How does $y = ax + b + \epsilon$ induce a probability distribution on $R^2$?

Question

This is with regards to the example given in the wikipedia article on statistical models. In the example it is claimed that "Each possible value of $\theta = (b_0, b_1, σ^2)$ determines a distribution on S," but no further explanation is given. I understand that $(b_0, b_1, σ^2)$ gives us a height probability distribution for any given age, but I do not understand how this can be extended to a probability distribution on the space of all (age, height) pairs.

The most straightforward idea is to consider y-axis aligned bell curves tracking along the line $y = b_0x + b_1$, but this of course does not integrate to 1 and so does not constitute a probability distribution on S.

Edit for clarification: A probability distribution on $R^2$ is a positive function $p$, such that $\int_{R^2} p(x,y) dxdy = 1$. Given a linear model $y = b_0 x + b_1 + \epsilon$, where $\epsilon \sim N(0, \sigma^2)$, how does a fixed $(b_0, b_1, \sigma^2)$ induce such a function, as claimed in the linked article?

Answer 1

You might want to adopt Bayesian notation to possibly make it more intuitive. Given a fixed set of parameters $\theta$ and your X coordinates, you identify a distribution.

$ Y|X,\theta\sim \mathcal{N}(b_0+b_1X,1\cdot\sigma^2) $

In this case it is normal because you make the assumption that your errors $\epsilon$ are normally distributed and adding a 'number' to a Gaussian random variable just shifts its mean.

Answer 2

The answers of whuber and xcesc are very clear. My mathematical skills are much less. But is your question not similar to the following simple example. 10% of all men do like shopping, 90% do not. For women it is the other way round. In total it is 50/50. For men and women separately the two probabilities sum to 1, for the total as well. The total probabilities sum to 1 not to 2 of course.

Answer 3

To add on @xcesc's answer, the act of modeling $Y = f_\theta(X,\cdot)$ is essentially a way to approximate

$$P(X,Y) \approx P_\theta(Y\mid X)\cdot P(X)$$

This is not an equal sign because you are not sure your specified $P_\theta$ distribution can be equal to the true $P(Y\mid X)$ for some $\theta^\star$.

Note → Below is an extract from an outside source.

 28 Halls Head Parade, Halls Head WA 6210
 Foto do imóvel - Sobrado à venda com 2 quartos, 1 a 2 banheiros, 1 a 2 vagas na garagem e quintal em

In all such attempts, you do not wish to model the marginal $P(X)$, you simply use $P(X) \approx \widehat{P}(X)$ the empirical distribution.

So in all such modelling tasks, we say that "$P_\theta$ induces a distribution on $S$ (here $\mathbb{R}^2$)" because we do not say "the obvious part", which is "we assume the input data comes from $P(X)$".

Then it is obviously true that $\theta_0 = (b_0, b_1)$ also implies a distribution on $\mathbb{R}^2$ through the same logic, however it is not a distribution that is consistent with the data because there are some data points $(x_i,y_i)$ for which $(x_i,y_i)\not\in\mathrm{Supp}\left(P_{\theta_0}(Y\mid X)P(X)\right)$.

The reason we wish to go beyond just using the joint empirical distribution $\widehat{P}(X,Y)$ (which is consistent with the data) is simply because in many settings, after getting finitely many $(x_i,y_i)$ pairs $1\leq i\leq N$, you often need to come up with a guess for $(x_{N+1}, y_{N+1})$ where $x_{N+1} \neq x_i$ for all $x_i$ in the dataset.

In this setting, just "registering" the frequency of the existing $(x,y)$ pairs into a table often yields lower predictive power than figuring a simplistic model of $Y\mid X=x$ that is defined for unknown $x$ values.